How a leading European airline maintains PCI DSS compliance with Enterprise Recon

Industry
Transportation
Challenge
Following a data breach, a multinational airline based in Europe wanted urgently to accelerate their PCI DSS compliance program with a solution designed to identify and protect payment card data across the organization.
Results
With Enterprise Recon PII deployed, the airline could identify and manage credit card data wherever it was stored in their systems, enabling them to achieve PCI DSS compliance.
Key Product
Enterprise Recon PII

The transportation industry has always moved us across geographic boundaries, but today, it’s pushing digital boundaries as well.
Airlines, automobile manufacturers and other types of transportation companies are collecting and sharing increasing amounts of customer data.
Customers trust these businesses with vast amounts of sensitive personal information, including passport information, drivers’ license numbers and payment card data.
The challenge
An airline managing payments for thousands of businesses
In 2020, a domestic multinational airline based in Europe suffered a significant data loss. A highly sophisticated cyber-attack affected personal and cardholder data from approximately 9 million of the airline’s customers – both a major issue for the customers and a reputational problem for the brand.
The journey
The search for a PCI DSS compliance solution
The airline was storing cardholder data across a variety of servers, databases, and other locations, including O365, OneDrive, Notes, Teams, Forms, Azure, SharePoint online, Hadoop HortonWorks & Cloudera, and AWS Glacier.
With millions of customers, the company needed urgent help achieving compliance with Payment Card Industry Data Security Standard (PCI DSS). PCI DSS compliance is mandatory for businesses handling credit card numbers due to a heightened number of data breaches, to protect customers from credit card fraud.
Hackers are highly motivated to steal credit card data. If they gain access to sensitive data including primary account numbers, cardholder names and authentication codes, hackers can impersonate the cardholder, use the card to make purchases and even steal the cardholder’s identity.

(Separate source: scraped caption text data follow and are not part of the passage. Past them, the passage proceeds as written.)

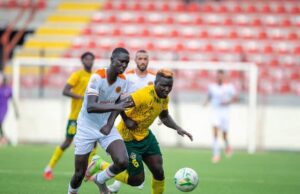 Ambitious Tanzanian Giants, Simba Sports Club Are Ready To Trump Zesco For The Services Of Former Nigeria Youth International Wasiu Jimoh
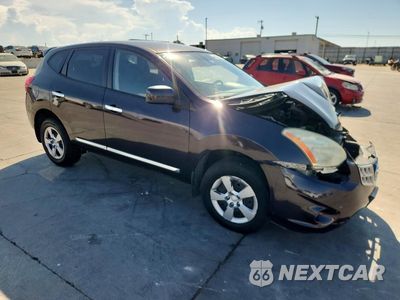 Czwarte zdjęcie samochodu z boku: 2013 NISSAN ROGUE S VIN:JN8AS5MT8DW550277 - miniatura
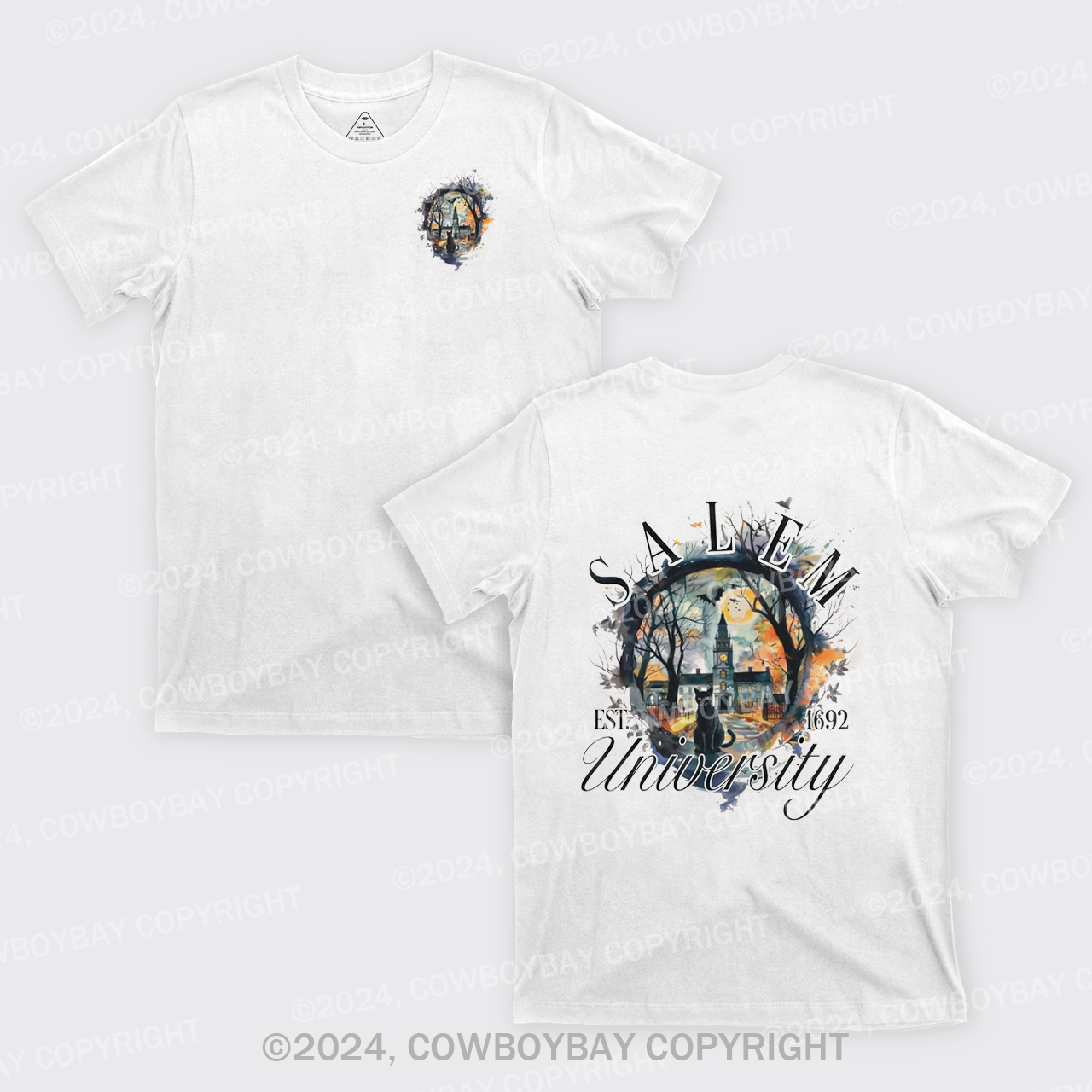 Salem University  EST.1692 T-Shirts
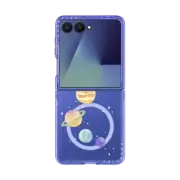 Galaxy Z Flip7 Impact Magnetic Case Solar System2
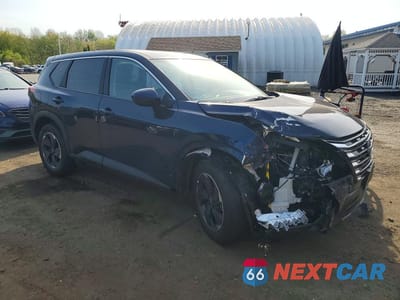 Czwarte zdjęcie samochodu z boku: 2026 NISSAN ROGUE SV VIN:5N1BT3BB6TC681540 - miniatura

If a similar data breach occurs again and hackers gain access to additional customer credit card data, the airline could suffer further financial and reputational losses. Customers lose trust in businesses after data breaches, and the costs of this add up.
To protect sensitive data and maintain customer trust, the airline needed a solution to help it accurately, quickly and easily identify where its credit card data was stored, enabling the company to remediate and protect the sensitive data before any future compromise.
The airline turned to Ground Labs for help scanning and identifying cardholder data across its network, with the ultimate goal of becoming PCI DSS compliant within a year.
The solution
Ground Labs’ Enterprise Recon helps airline maintain PCI DSS compliance
Because this airline handles such a high volume of credit card numbers, the team knew it had a monumental task ahead to find where all that data was being stored. In 2020, it decided to partner with Ground Labs and now relies on award-winning Enterprise Recon to meet and maintain PCI DSS compliance.
The company uses Enterprise Recon PII to find where credit card numbers are stored within its structured and unstructured data sources – including files, databases, emails, cloud, big data and more. After scanning for credit card numbers, Enterprise Recon PII allows the team to view and analyze where sensitive data resides and immediately contact the owners to take action.
Ultimately, Enterprise Recon PII provides a blueprint of the social security and credit card number storage locations across the organization, allowing the airline to ensure on an ongoing basis that it is not storing any social security or credit card numbers unnecessarily, and address any vulnerable or unauthorized data stores. It ensures that the company can securely store and protect the sensitive information of its customers.
Enterprise Recon identified 60 million credit card numbers in the airline’s ecosystem within the first quarter of deployment.
Within the first quarter of scanning with Ground Labs’ Enterprise Recon, the airline identified over 60 million card numbers dispersed across their digital ecosystem. Enterprise Recon’s delegated remediation feature enabled the airline to assign multiple teams to address the risk using Enterprise Recon so this massive undertaking didn’t fall solely on the shoulders of IT.